Northern France
Our first motorhoming trip of 2009 was a two week visit to France. After three months at home we felt the need to get back into the swing of being on the road again and to ensure that we had reloaded the van with all our equipment after the winter. Unusually for us we would actually tour around in the van during this trip so we have mentioned car parking where appropriate.
Our theme on this visit was to see the World War 1 sites - cemeteries monuments and museums. This is not because we have any military connections but had heard that it would be an interesting and informative tour and it certainly was. We can only touch upon what we saw but recommend a visit to this area. We had a very good trip - although somewhat sombre at times when the full horror and waste of World War 1 becomes clear as you travel around.
The photo on above is taken from the top of the Canadian memorial, which is also shown in the photo below.
Our aim was to save money now that the pound has fallen so much against the euro. We stayed on aires in Calais (7euro if the man comes around to collect) Le Crotoy in Baie de Somme (5 euro a night, although the machine was broken when we visited) St Valery sur Somme (7 euro a night) Amiens (free) Arques (2 euro a night). For a few nights we stayed in campsites, these cost around 20 euro a night early in the season We also limited ourselves by self catering, 8 euro for two coffees in Lille reminded us that europe has got a lot more expensive and that we need to frame the receipt as a reminder.
Our first stop on our tour was the Australian memorial at Villers-Bretonneux and Le Hamel, although the latter only briefly because the barrier was about to go down at 4 pm. The Aussie memorial is a big white Lutyens tower with long side walls for the names of the thousands who died, and rows of gravestones in front. Quiet, peaceful, dignified and moving. The memorial was only completed in 1938 and the facade is pock-marked with bullets from ww2 - it cannot have been a real wartime target so assume that it was German soldiers taking pot shots.
There is no car park here but we were able to park our van in the layby just off the road, space is limited and it could be problematic in the summer.
Our next stop was the Great War Museum at Peronne. Well laid out and very informative, probably the best museum to visit in the Somme. There is a charge at this museum of seven euro (reductions for oldies). There is a car park which should provide adequate space for motorhomes although on the day we went there was a market but we were able to park in a layby.
From Peronne we moved on to the Thiepval memorial.
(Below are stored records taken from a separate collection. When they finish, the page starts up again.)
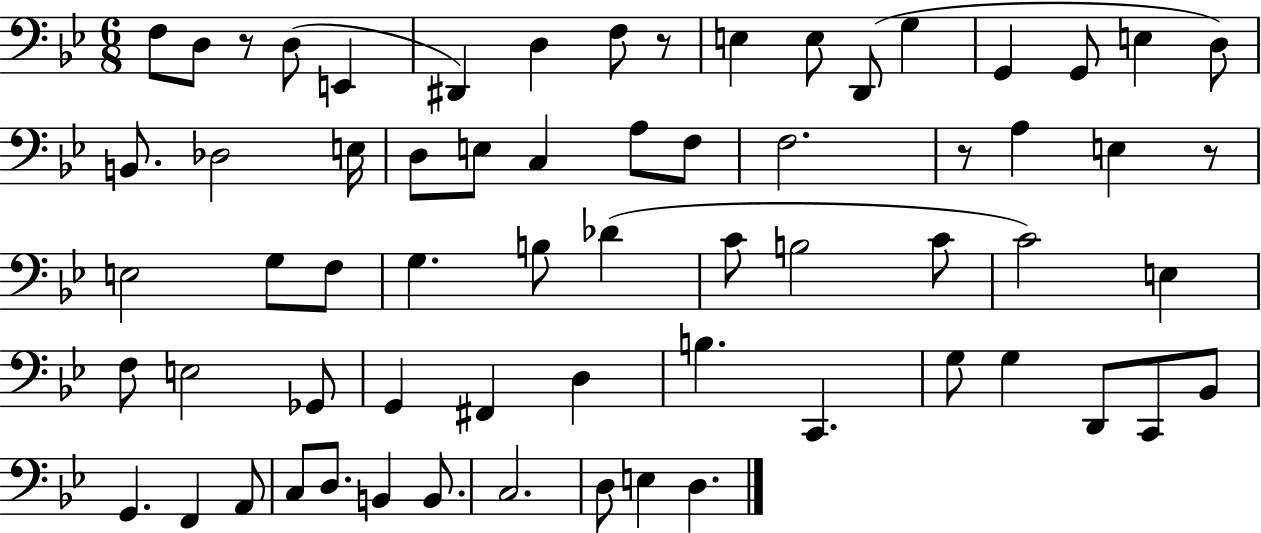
F3/e D3/e R/e D3/e E2/q D#2/q D3/q F3/e R/e E3/q E3/e D2/e G3/q G2/q G2/e E3/q D3/e B2/e. Db3/h E3/s D3/e E3/e C3/q A3/e F3/e F3/h. R/e A3/q E3/q R/e E3/h G3/e F3/e G3/q. B3/e Db4/q C4/e B3/h C4/e C4/h E3/q F3/e E3/h Gb2/e G2/q F#2/q D3/q B3/q. C2/q. G3/e G3/q D2/e C2/e Bb2/e G2/q. F2/q A2/e C3/e D3/e. B2/q B2/e. C3/h. D3/e E3/q D3/q.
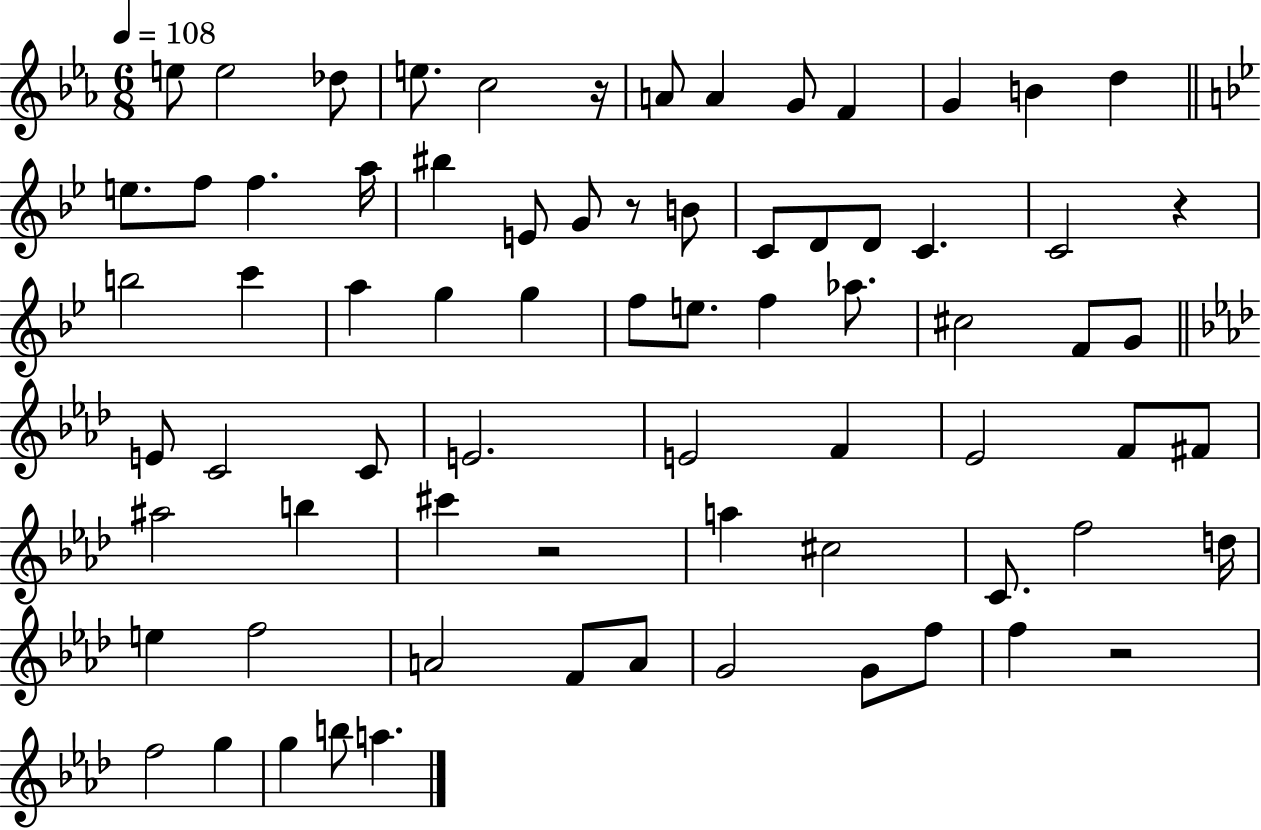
E5/e E5/h Db5/e E5/e. C5/h R/s A4/e A4/q G4/e F4/q G4/q B4/q D5/q E5/e. F5/e F5/q. A5/s BIS5/q E4/e G4/e R/e B4/e C4/e D4/e D4/e C4/q. C4/h R/q B5/h C6/q A5/q G5/q G5/q F5/e E5/e. F5/q Ab5/e. C#5/h F4/e G4/e E4/e C4/h C4/e E4/h. E4/h F4/q Eb4/h F4/e F#4/e A#5/h B5/q C#6/q R/h A5/q C#5/h C4/e. F5/h D5/s E5/q F5/h A4/h F4/e A4/e G4/h G4/e F5/e F5/q R/h F5/h G5/q G5/q B5/e A5/q.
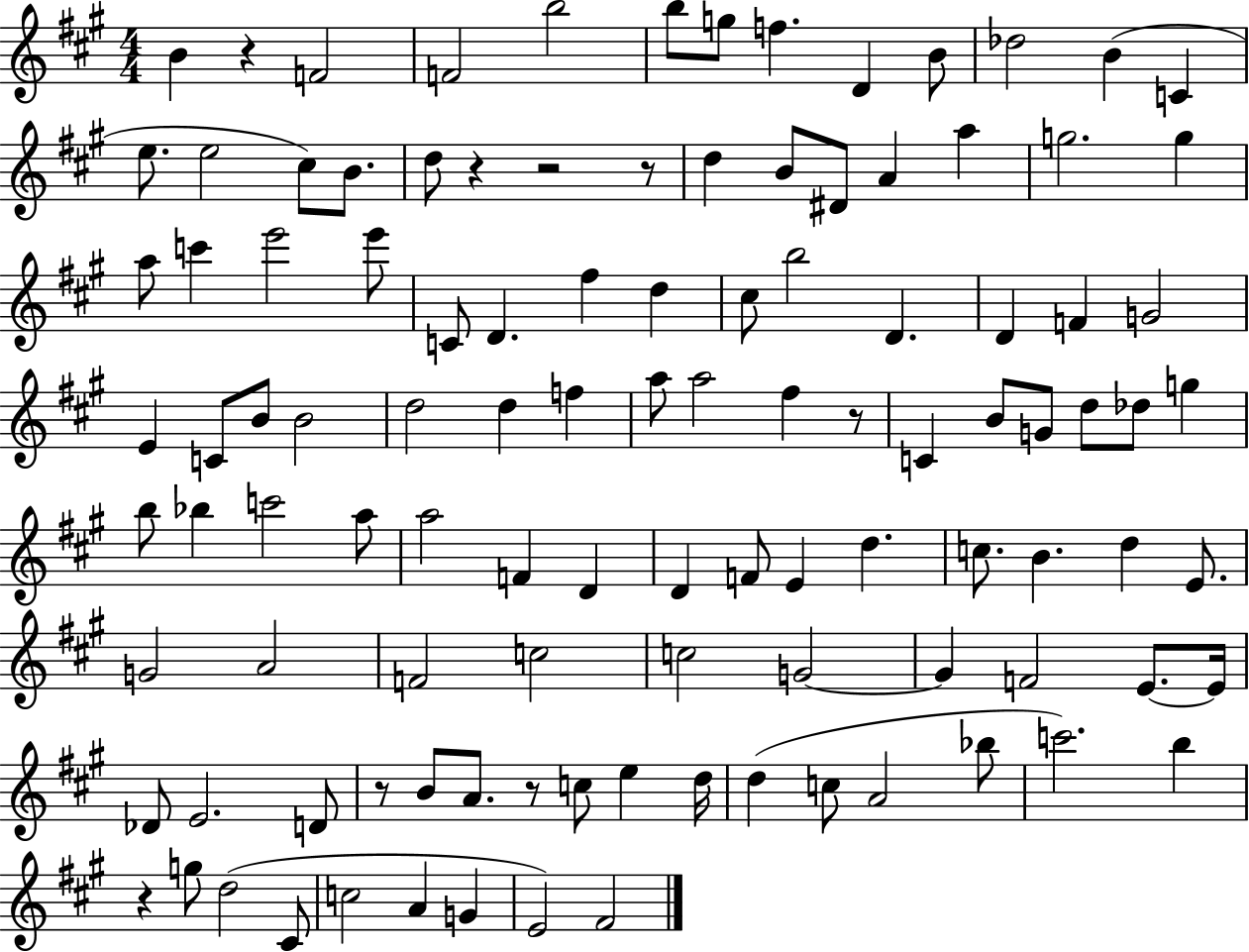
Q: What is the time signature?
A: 4/4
This is a huge structure ( again by Lutyens) with more than 72,000 names of British and Commonwealth dead who have no grave. From here you can also see another three or four war cemeteries within a few miles - Thiepval was fought over throughout the first world war. There is an excellent interpretation centre with a little cinema, which focuses on the Battle of the Somme. The car park is large enough for motorhomes, possibly even an informal overnighter, but we did not try as we were in a regular campsite at Authuile which was within walking distance.
After Thiepval we made the short trip to Vimy to the Canadian war memorial. We were able to walk around the trenches with their surrounding cratered landscape and take a conducted tour of the underground tunnels that provided shelter, storage and HQ. Canadian students who have opted to spend a semester in France act as very knowledgeable guides.
There is a large car park near the memorial and we overnighted here despite the signs to the contrary - we were not moved on but it was early in the season.
This monument had suffered over the years, the white stone had turned black, no doubt from air pollution and there were structural problems where the concrete base met the stone. So a complete makeover took place with fresh stone coming from the original quarry in Croatia. |
The trenches at Vimy Ridge - the sandbags are now concrete.
Ypres was completely flattened during WW1 and was lovingly rebuilt later. There is a splendid museum in Ypres in the Cloth Hall with clips of newsreel, music & various artifacts. When you go in (8 euro entrance fee) you are given an ID card with the identity of a real person from Ypres during the war and at various interval during your visit you can enter your card into a machine and check what happened to you during or after the war.
A great place for a school trip but interesting for students of any age.
then we time travelled to WW2...
We moved on 20+ years when we went to La Coupole which is a huge concrete dome where the Germans intended to manufacture and launch V2 rockets. No rockets were ever launched due to allied bombing but the dome was never breached and is now a large and informative museum which describes the development of the V2 which is the ancestor of the moon launching many years later - the Americans and the Russians particularly clever at pinching German scientists after the war.
There is also a rather harrowing display in relation to concentration camps and the general brutalities of war.
As usual in all these places, there was a school party and in this case they were English - the teacher looked about 15.
Our second WW2 site was the blockhaus at Eperleques which is a stunningly massive concrete cube designed to fuel and launch V2 missiles. Nothing was ever launched due to American bombing and it was abandoned after a Tallboy "earthquake" bomb went off close by (creating a massive crater which you can still see). The weather was particularly grey and misty making our visit a bit creepy and very atmospheric especially as we were the only people there. The obligatory school party arrived as we were leaving.
There is a good and large carpark but a narrow road leading to this place.